Vajira Srimathi Dissanayake (; 1943 – 29 March 2019) was a Sri Lankan lawyer, politician and 1994 UNP presidential candidate.

Early life and family
Dissanayake was born in 1943. She was the daughter of Piyasena Lenaduwa from Galle in southern Ceylon. She was educated at  Ladies' College, Colombo.

After school Dissanayake joined Ceylon Law College where she met her future husband Gamini Dissanayake. They had two sons, Navin and Mayantha, both of whom are Members of Parliament, and a daughter, Varuni.

Career
Dissanayake was a lawyer by profession and was a member of the Central Provincial Council. Her husband Gamini Dissanayake, who was the Leader of the Opposition, was chosen by the United National Party to be its candidate at the 1994 presidential election. However, he was killed in a suicide bombing on 24 October 1994, sixteen days before the election. The UNP, hoping to capitalise on the sympathy vote, chose Srima Dissanayake over former Prime Minister Ranil Wickremesinghe and former first lady Hema Premadasa to be Gamini Dissanayake’s replacement.
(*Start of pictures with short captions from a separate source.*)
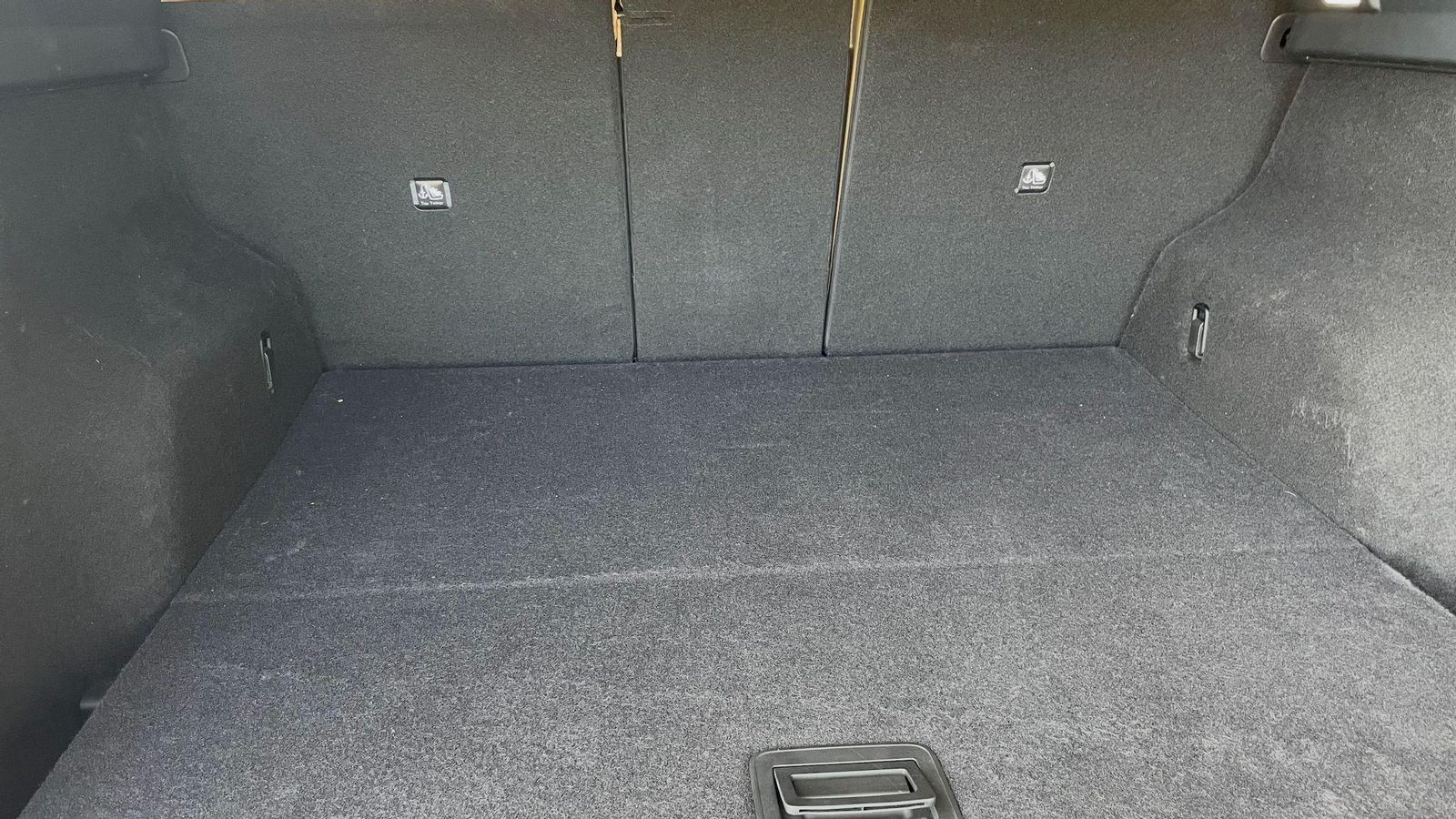 La paredes laterales no son perfectamente planas, pero este Mazda disfruta de un espacio longitudinal notable en el maletero que le permite sobrepasar con largueza los 500 litros de volumen para la carga.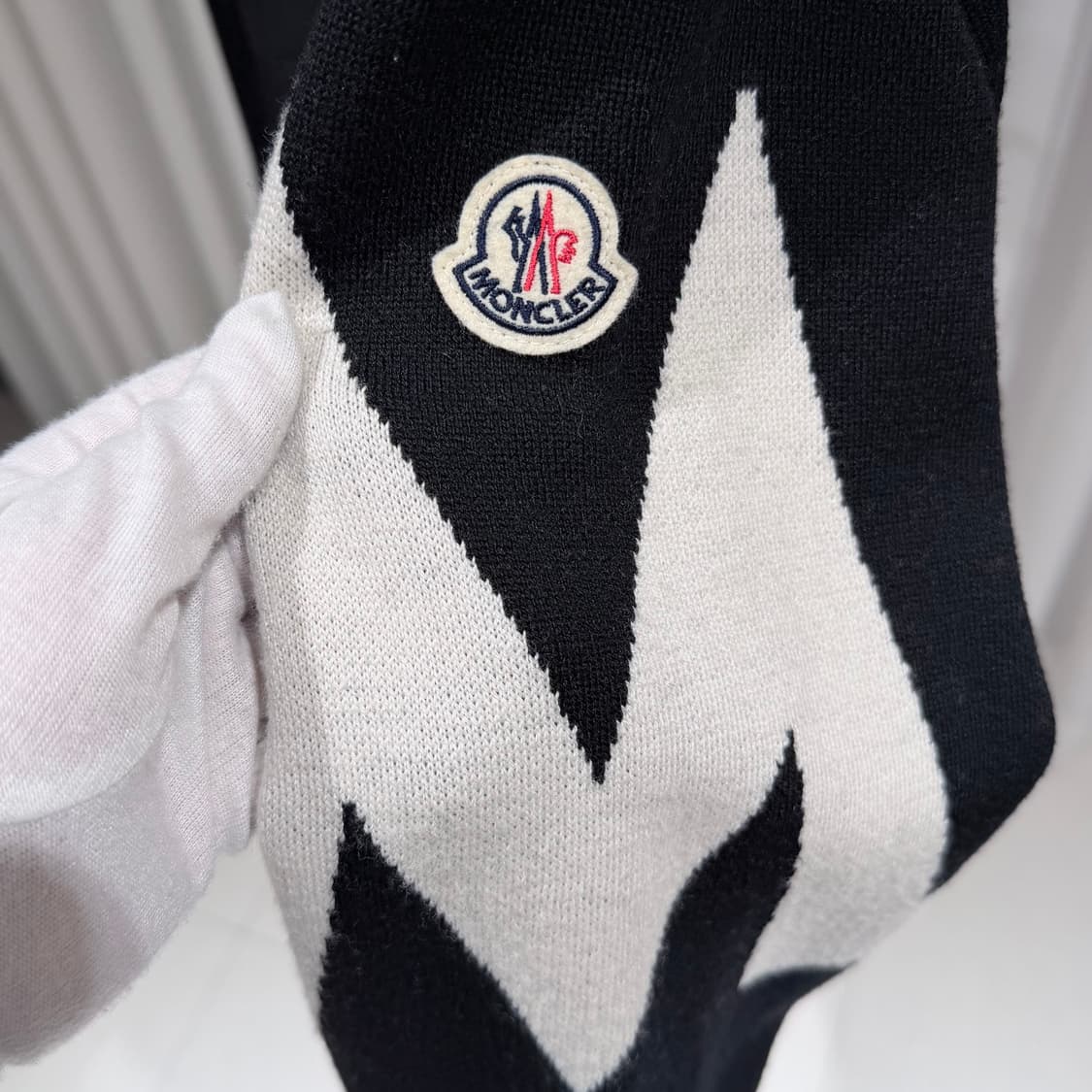 XXL / 몽클레어 맥시 M로고 블랙 니트패딩 상품이미지3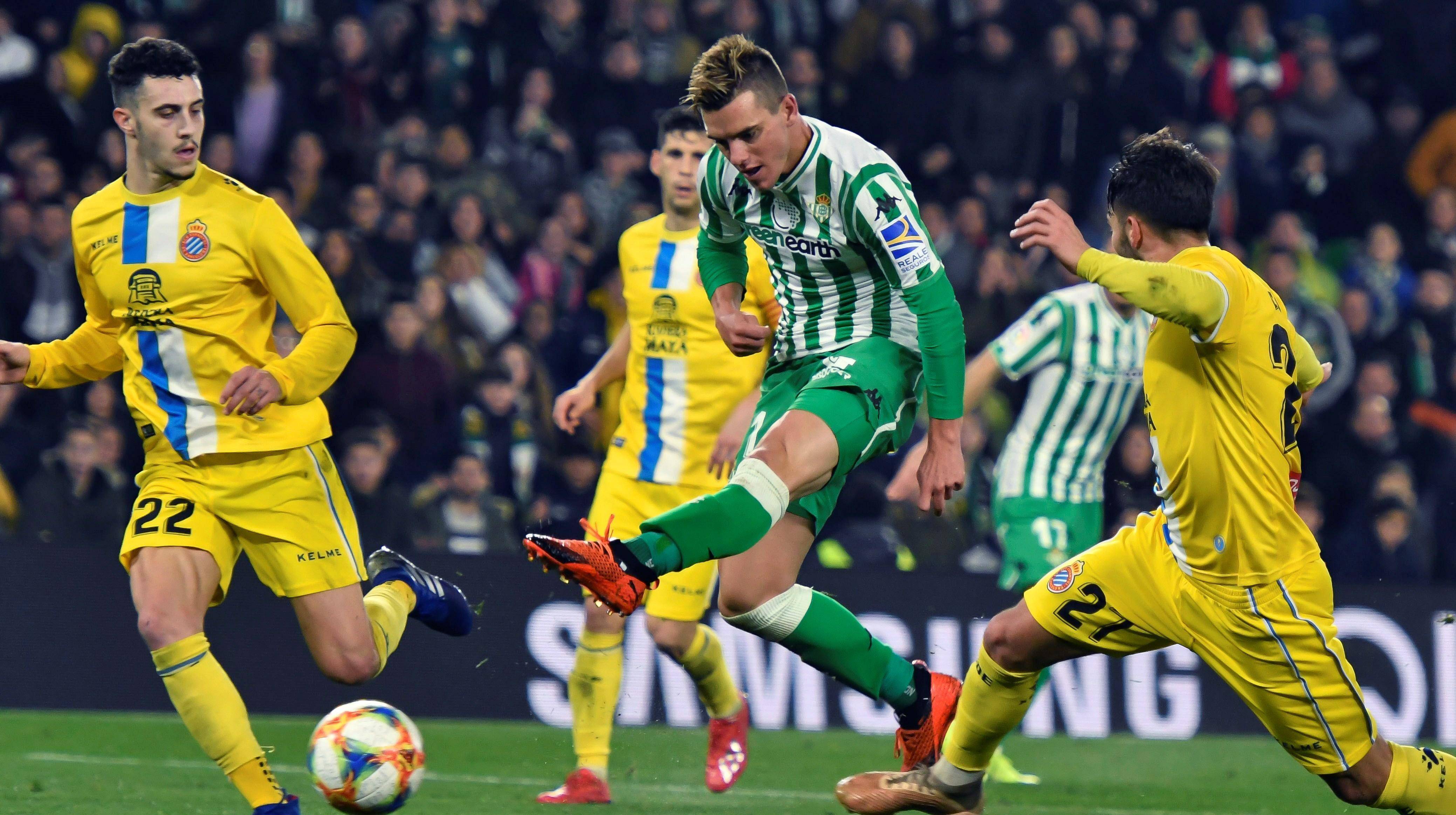 B体育体育直播-巴塞罗那出色表现，轻松击败巴列卡诺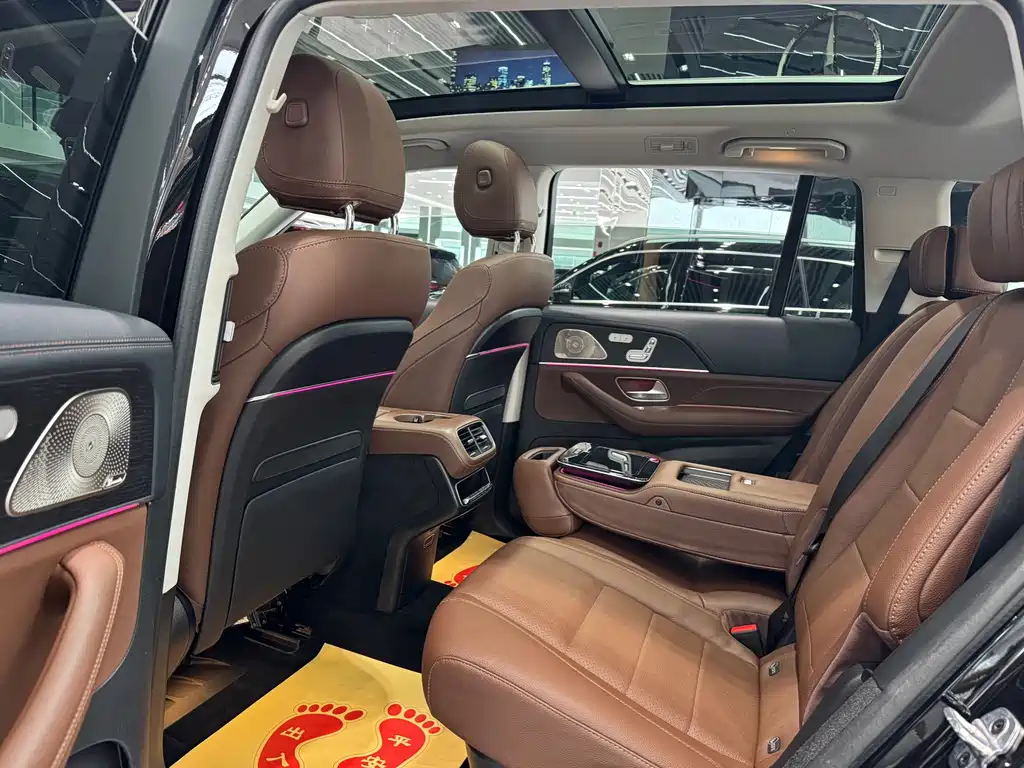 Mercedes-Benz GLS — миниатюра 15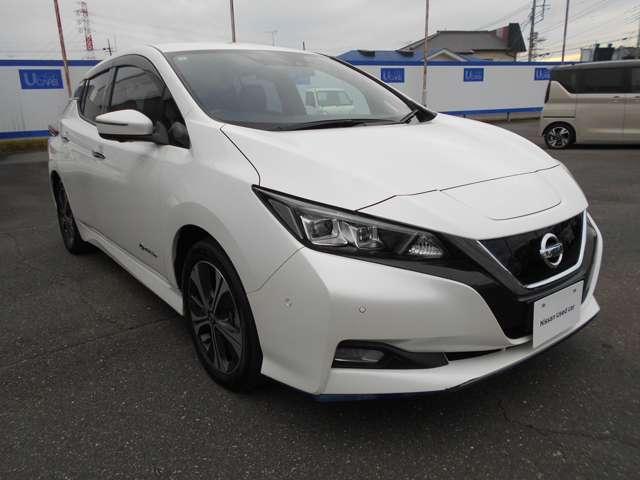 リーフ e+ G 純正9インチメモリーナビ 62KWモデル インテリジェントアラウンドビューモニター LEDヘッド インテリジェントキー レーダークルコン 車線逸脱 メモリーナビ ETC パーキングアシスト サイドカーテンエアバック Bカメラ キーフリー AC(8枚目)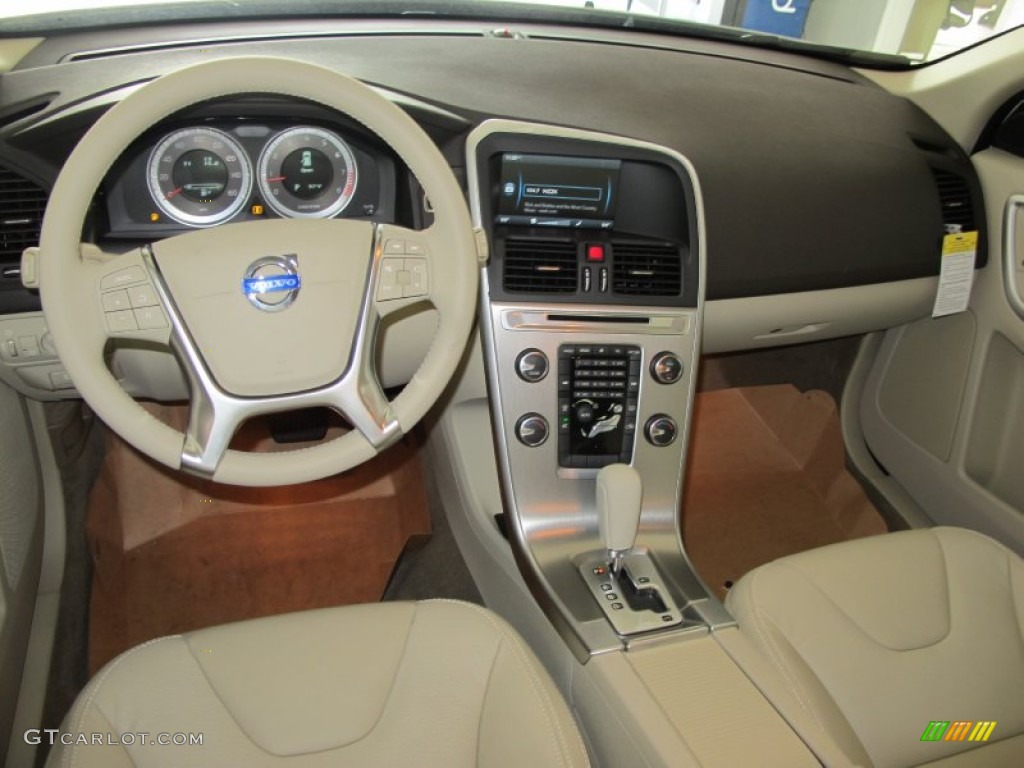 2012 Volvo XC60 3.2 Sandstone Dashboard Photo #51440565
However, many UNP officials refused to campaign for Srima Dissanayake who, for security reasons, campaigned through the media only. Dissanayake was heavily defeated by Prime Minister Chandrika Kumaratunga who swept the polls, winning in all but one of the 160 polling divisions. Dissanayake received 2,715,283 votes (35.91%), the lowest share for a major party candidate in any Sri Lankan presidential election.

Dissanayake left politics afterwards and devoted herself to her family, the Gamini Dissanayake Foundation and the Gamini Dissanayake Institute of Technology and Vocational Studies.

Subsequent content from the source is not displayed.